> [YOUR INSTRUCTIONS]:
Using the records below, transcribe exactly only the lines from the one with "Structure of the" through the end, both included, and drop every picture.

> [THE DATA]:
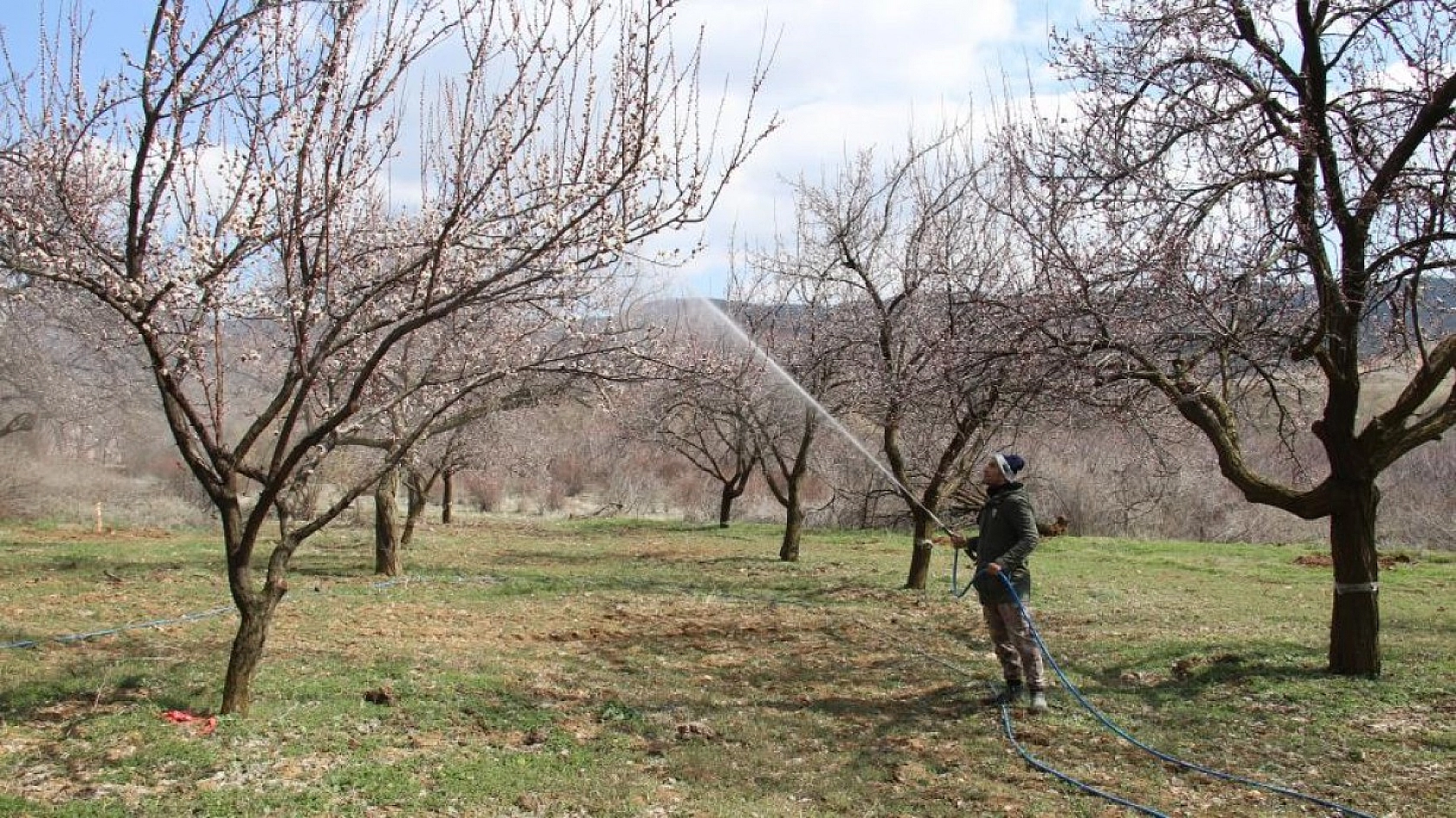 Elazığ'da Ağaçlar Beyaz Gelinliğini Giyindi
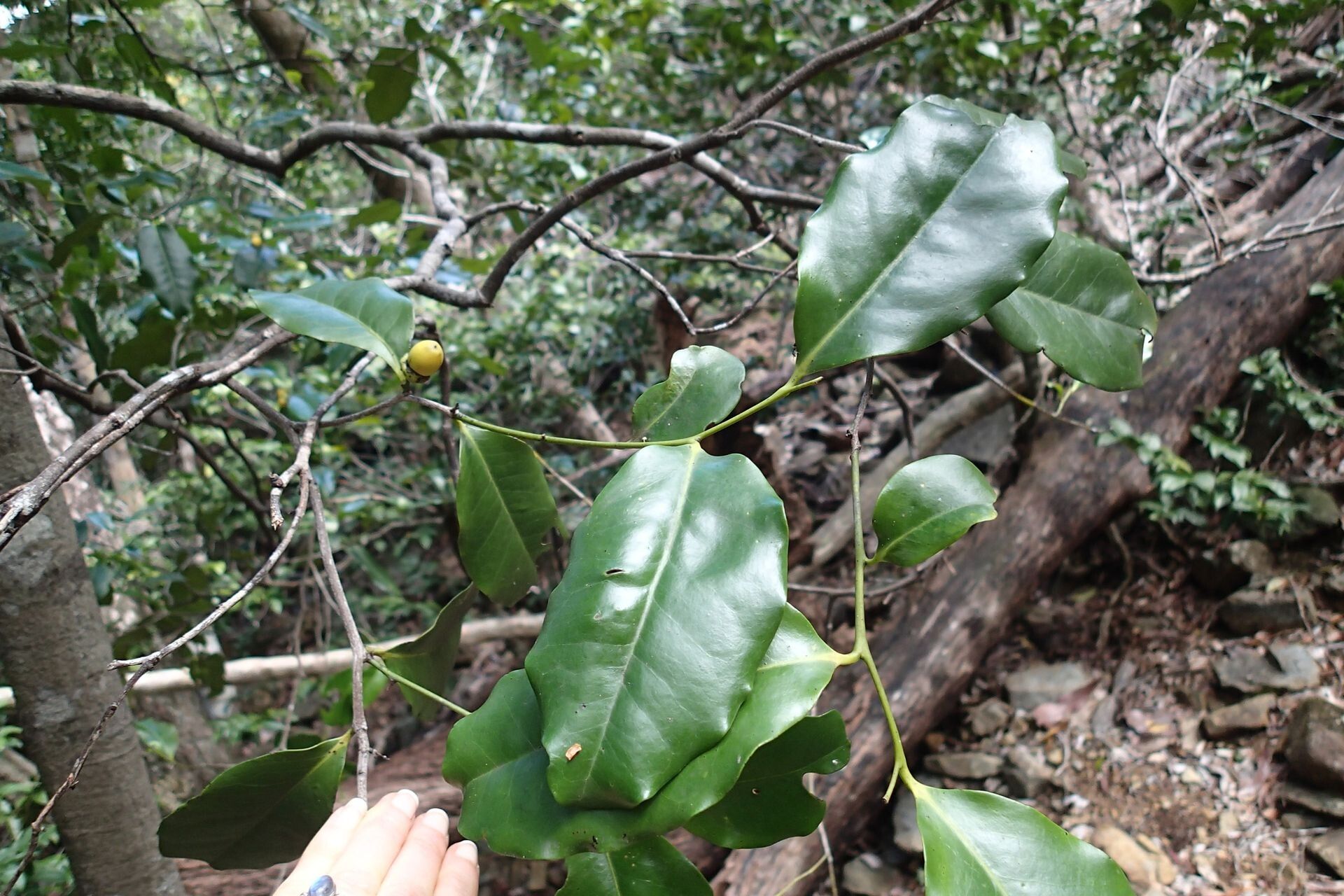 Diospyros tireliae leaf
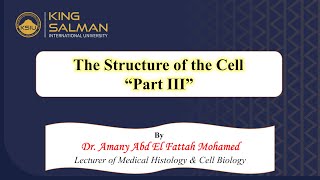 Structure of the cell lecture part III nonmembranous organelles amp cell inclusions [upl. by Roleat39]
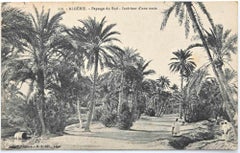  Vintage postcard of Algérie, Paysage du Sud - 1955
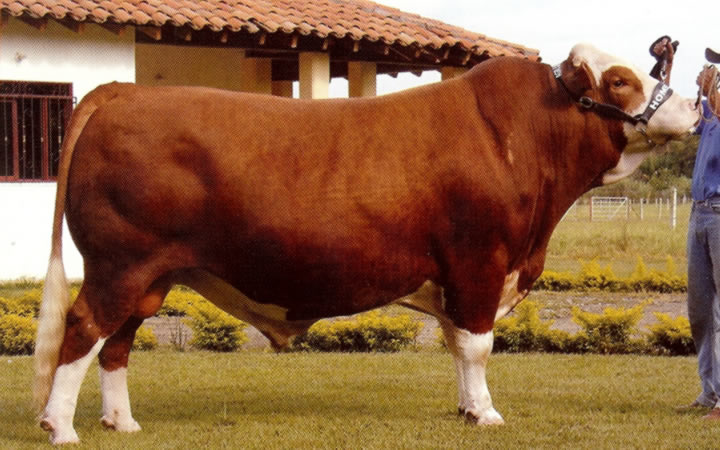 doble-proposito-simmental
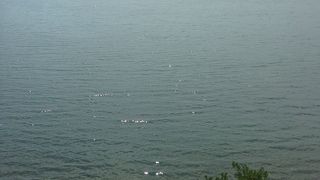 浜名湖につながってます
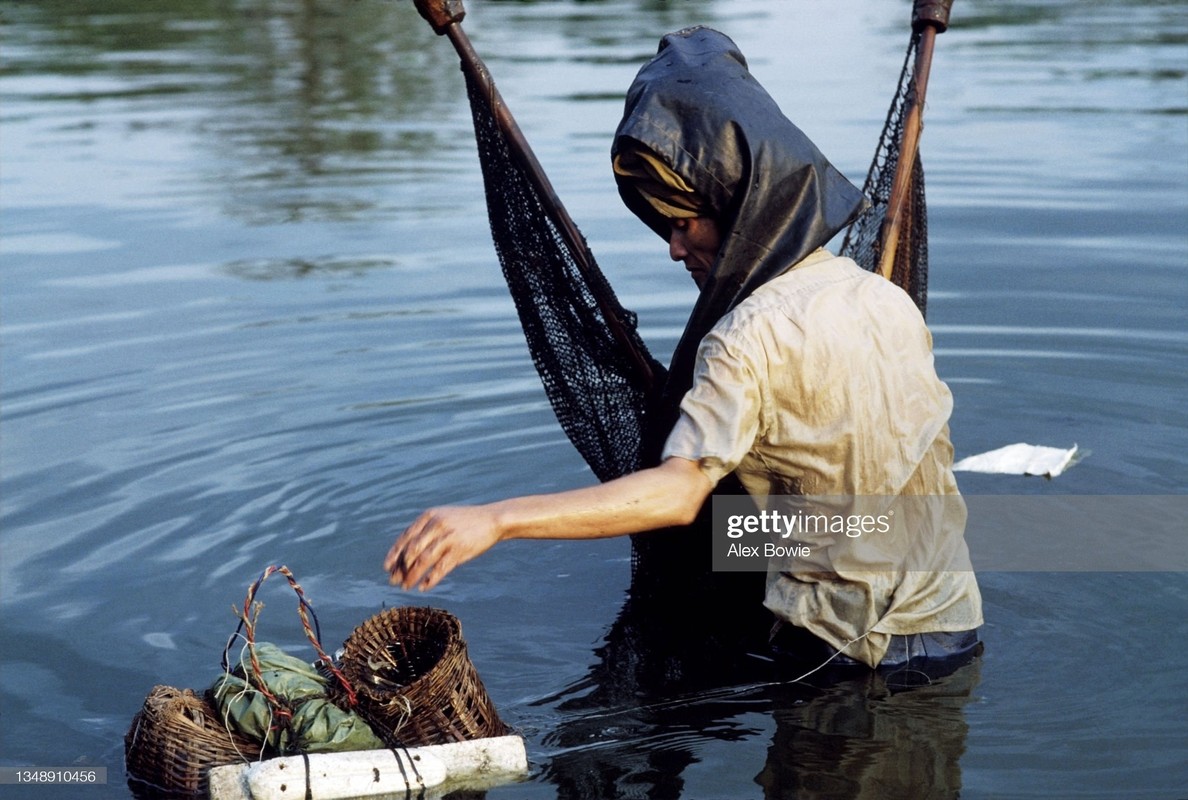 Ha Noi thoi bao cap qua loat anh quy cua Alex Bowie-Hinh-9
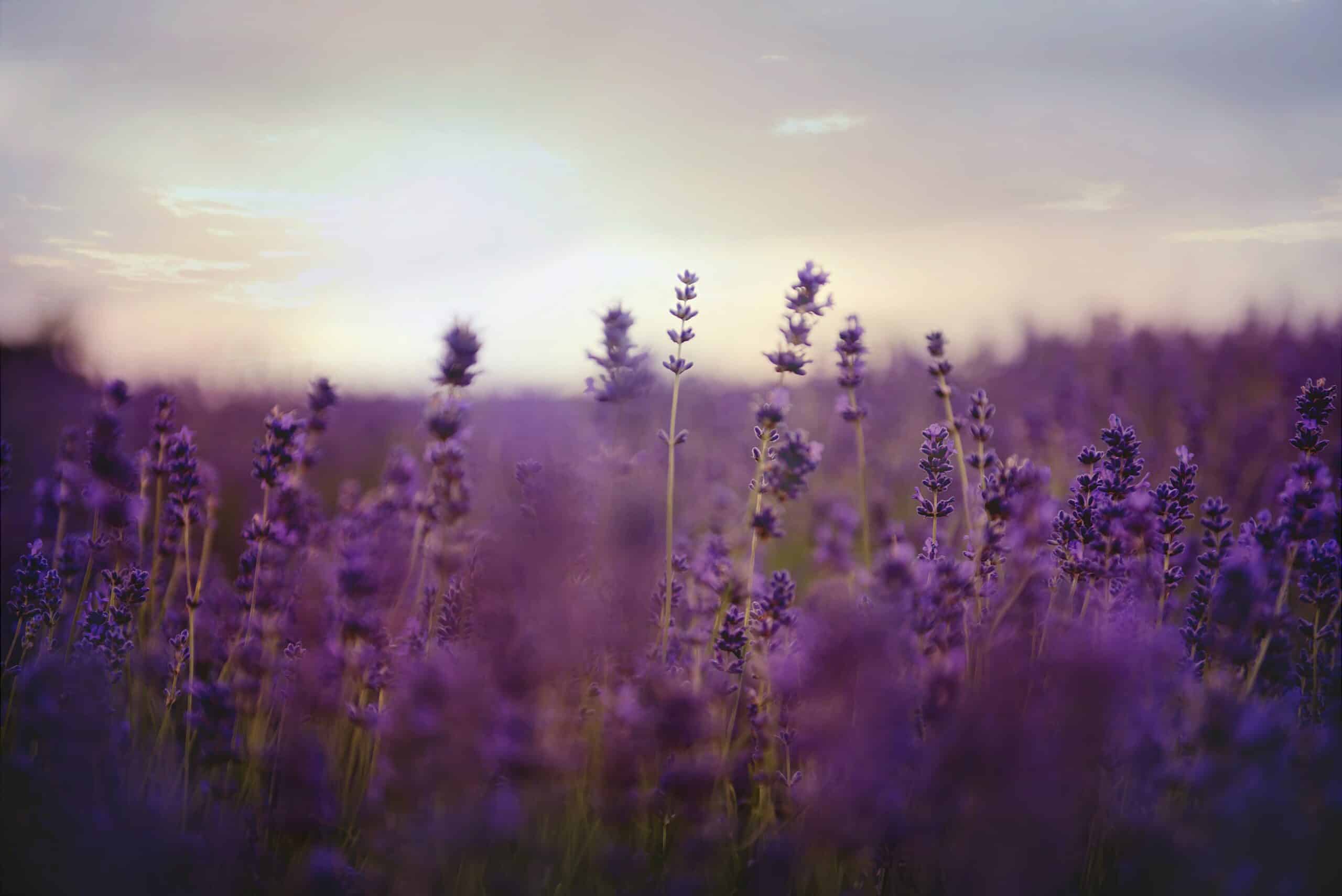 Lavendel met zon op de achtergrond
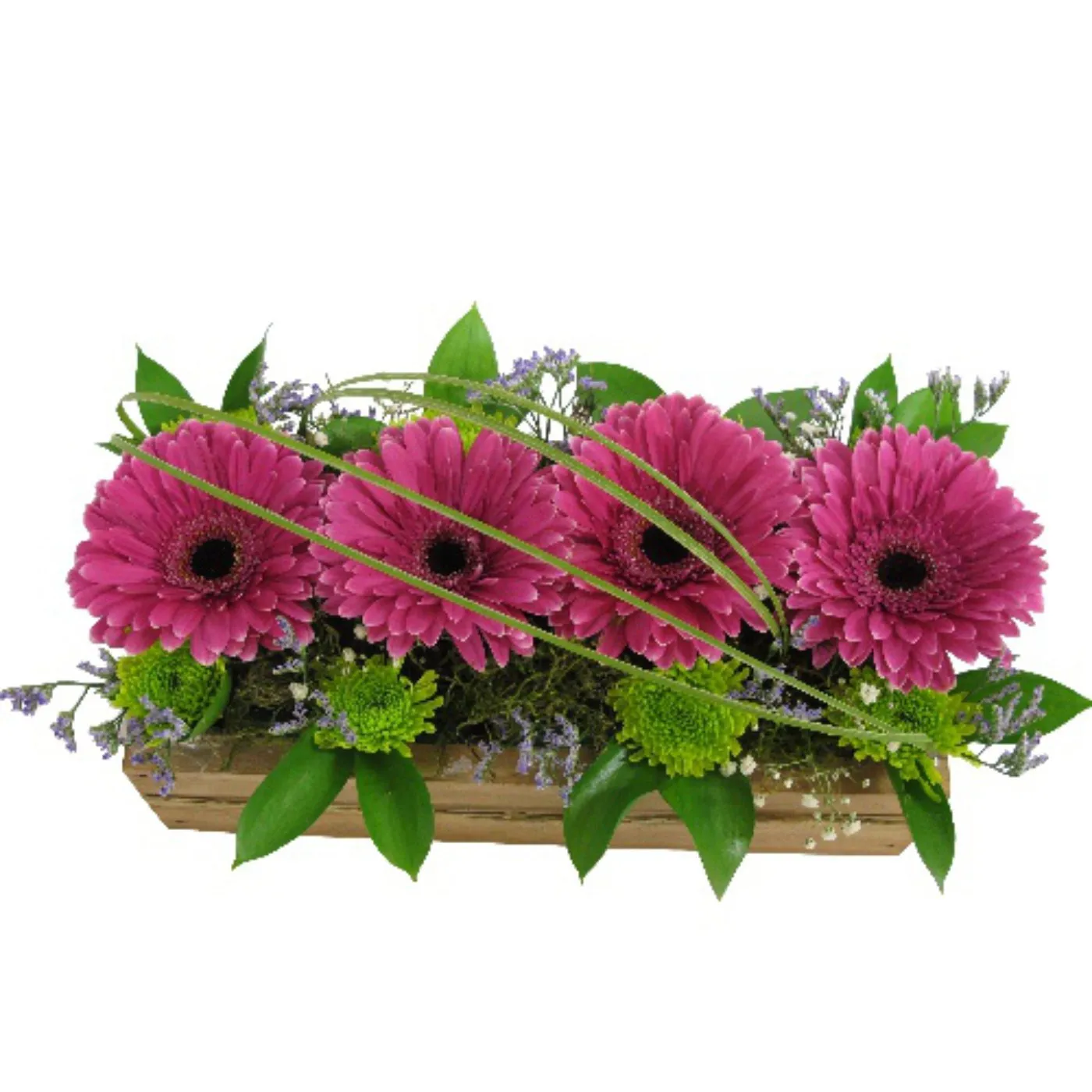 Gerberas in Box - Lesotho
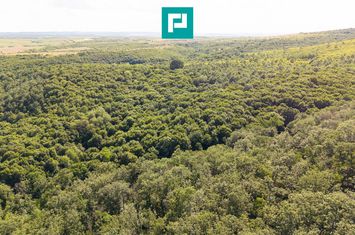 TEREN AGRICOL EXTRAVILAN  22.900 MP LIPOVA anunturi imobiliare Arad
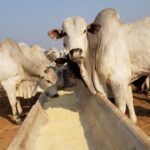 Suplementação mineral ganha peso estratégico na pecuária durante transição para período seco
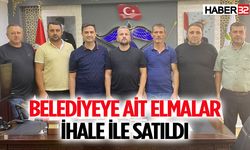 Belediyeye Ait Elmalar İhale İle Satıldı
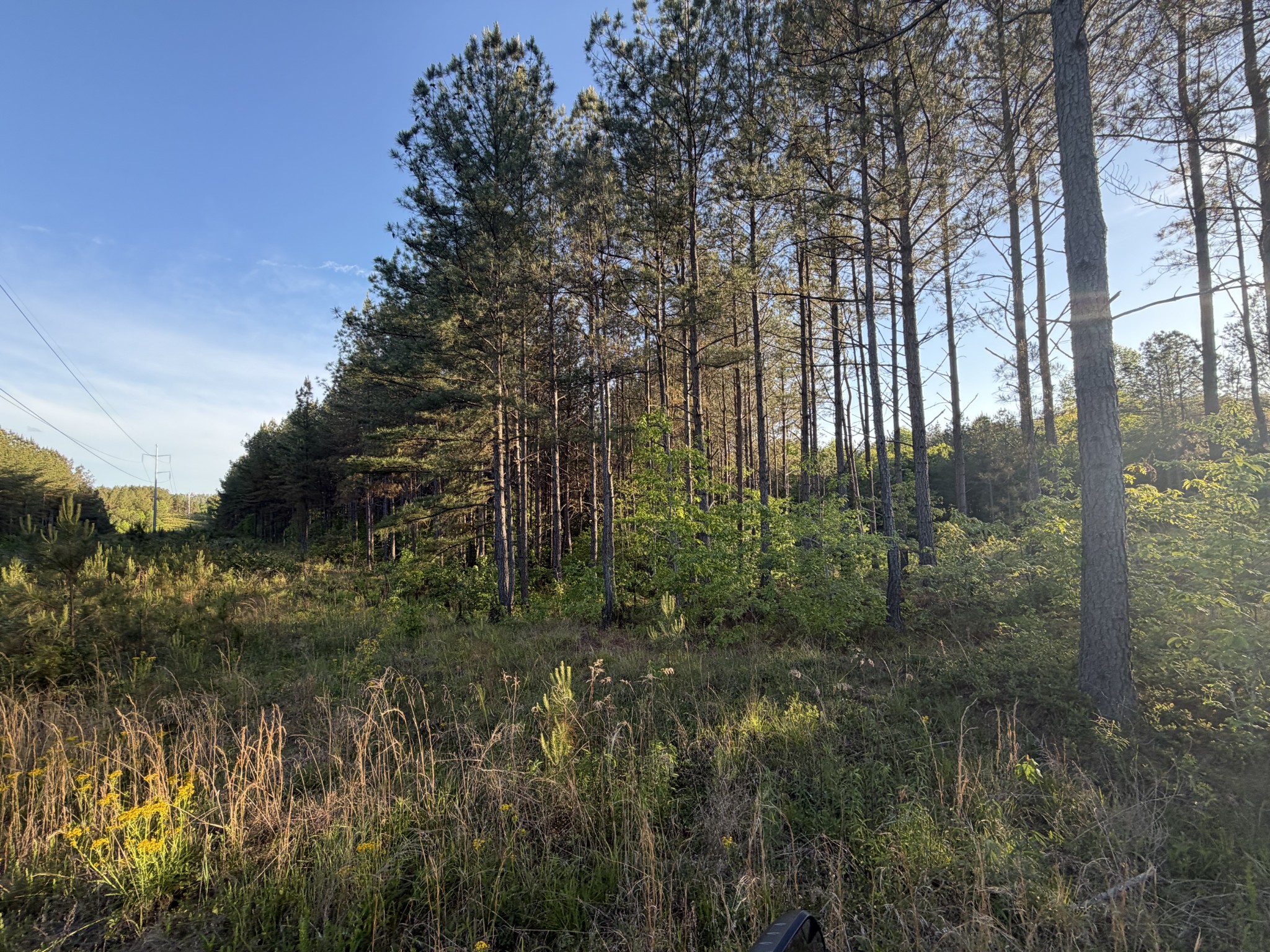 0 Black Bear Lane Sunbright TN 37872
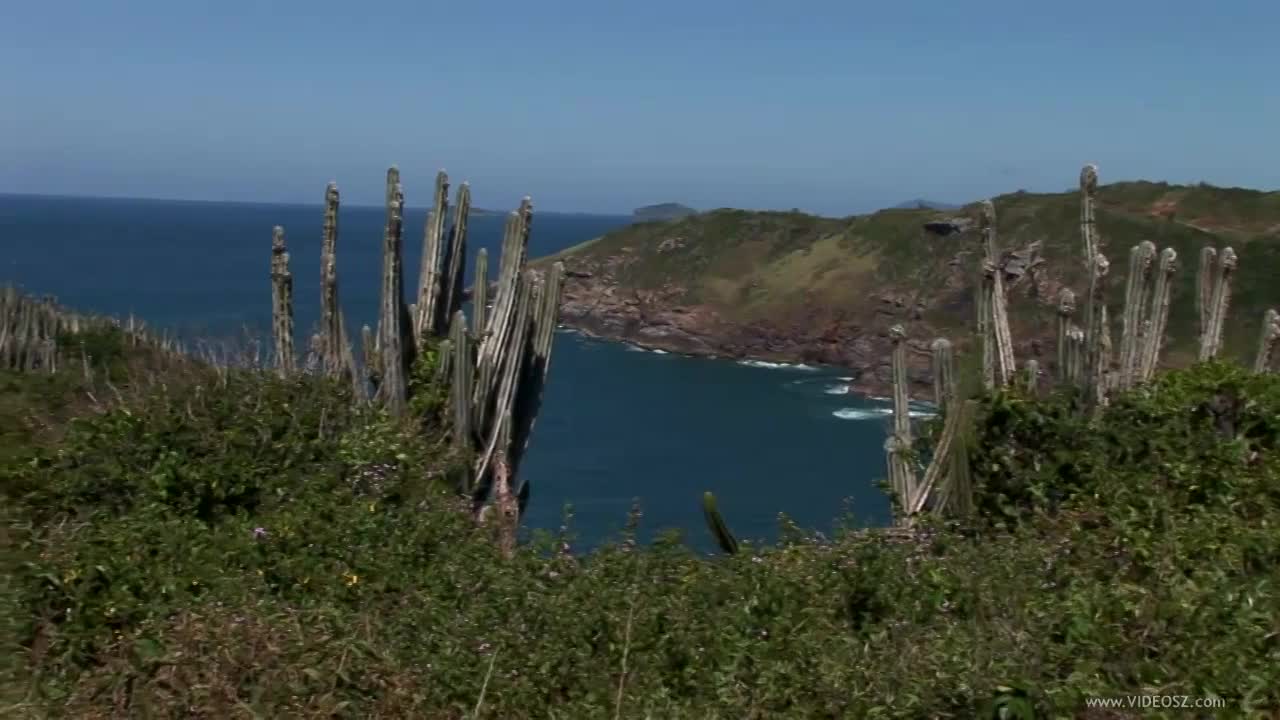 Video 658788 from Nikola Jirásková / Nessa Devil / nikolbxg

> [TASK SOLUTION]:
 Structure of the cell lecture part III nonmembranous organelles amp cell inclusions [upl. by Roleat39]
  Vintage postcard of Algérie, Paysage du Sud - 1955
 doble-proposito-simmental
 浜名湖につながってます
 Ha Noi thoi bao cap qua loat anh quy cua Alex Bowie-Hinh-9
 Lavendel met zon op de achtergrond
 Gerberas in Box - Lesotho
 TEREN AGRICOL EXTRAVILAN  22.900 MP LIPOVA anunturi imobiliare Arad
 Suplementação mineral ganha peso estratégico na pecuária durante transição para período seco
 Belediyeye Ait Elmalar İhale İle Satıldı
 0 Black Bear Lane Sunbright TN 37872
 Video 658788 from Nikola Jirásková / Nessa Devil / nikolbxg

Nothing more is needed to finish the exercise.